We worked on getting his backlift more to second slip area with the hands remaining closer to the body. But I also suggested he adopt a trigger movement and open his stance. He tried it for one ball and didn’t like it. It felt too uncomfortable. So he went back to doing what he did and the next ball – a gentle inswinging half volley – knocked his off stump out the ground.


Much has been made of Root’s return to form. Journalists feel vindicated in their assumptions that he’s been playing too much cricket. He was drained. A break has given him clarity and a freshness of mind. Thank God he no longer plays 20/20 etc. But few of them seem to have listened to the reasons he has given for his improvement – time spent working on his technique with particular emphasis on his trigger movements.

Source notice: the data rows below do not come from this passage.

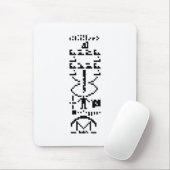 Arecibo Binary Message 1974 Mousepad (Mit Mouse)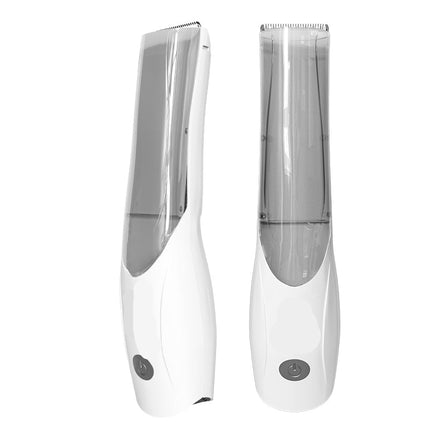 Portable Pet Grooming Clipper with Built-In Hair Vacuum, USB Rechargeable & Ceramic Blade
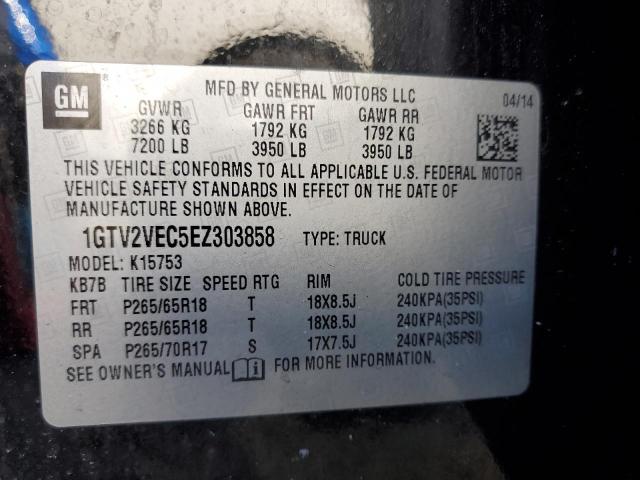 1GTV2VEC5EZ303858 GMC Sierra K1500 Slt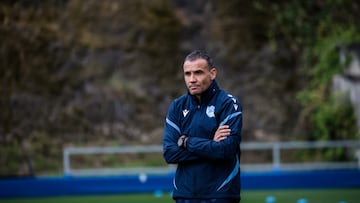 Sergio Francisco, entrenador de la Real Sociedad.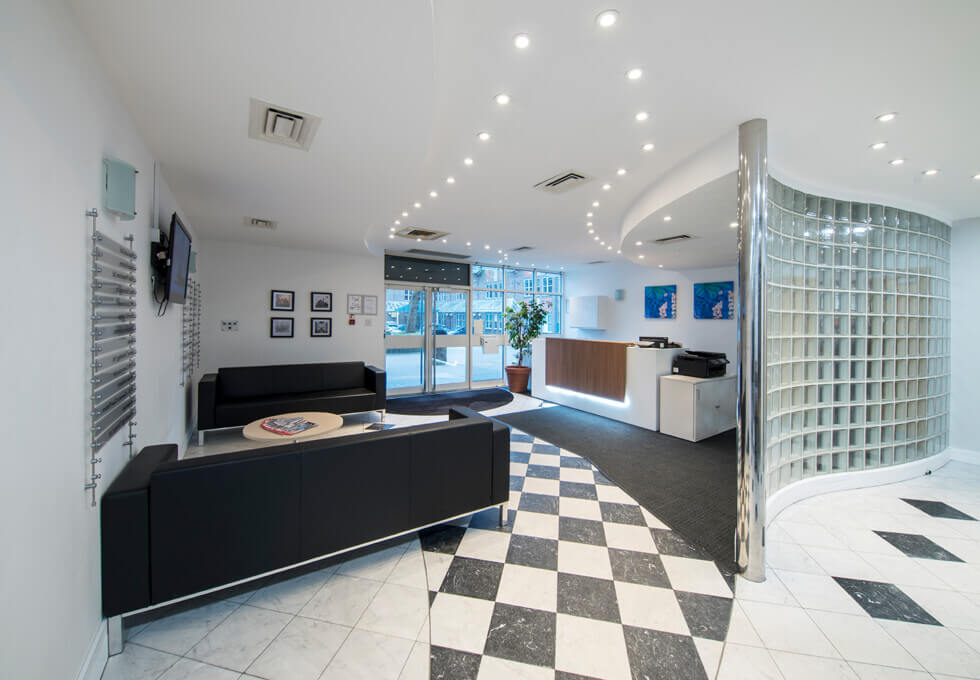 Reception at Victoria Square, Regus in St Albans
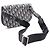 Borsa a tracolla Christian Dior Saddle Bag Oblique Beige Blu navy - vista 2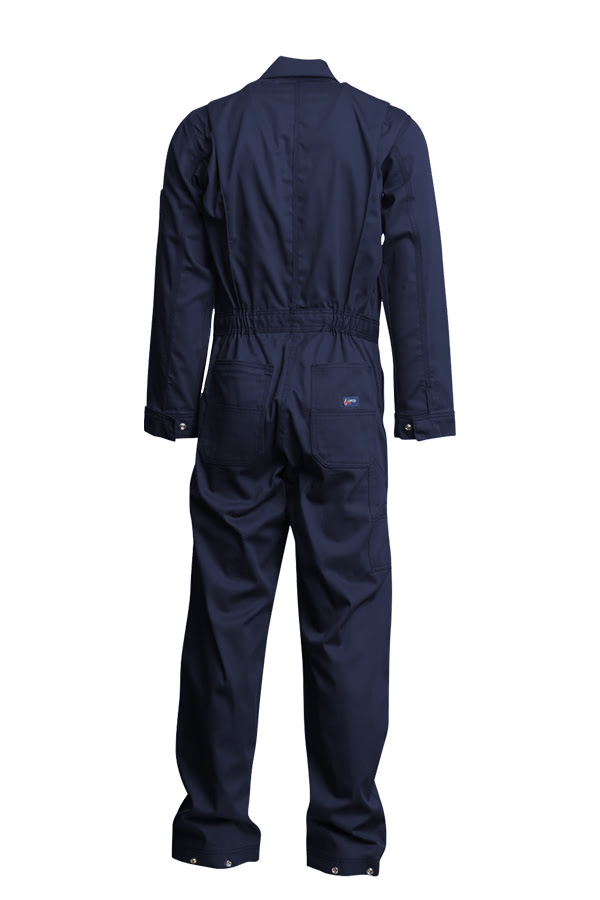 Lapco FR 7oz. Navy FR Deluxe Coveralls CVFRD7NY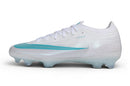 Nike Air Zoom Mercurial Vapor 17 Elite XXVI FG - Chuteira Campo Velocidade – Branco/Verde-água + Meia + Bolsa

Like the short game in golf, how many cricketers (club and professionals alike) might improve drastically if they returned to their fundamentals - their stance, their grip and their trigger? Of course, doing something different from what you’ve done before may feel uncomfortable for a bit. It may take some courage to change something you’ve always done. And there’s always the argument that you shouldn’t change something mid season.


But while something that isn’t broken might not be worth fixing, the same can’t be said for something that is and, let’s not forget, Steve Smith changed his technique midway through a test match, scored a double hundred and has averaged 70 since. Ultimately, perhaps, the hardest change is the mindset. You never know – the rest might come naturally.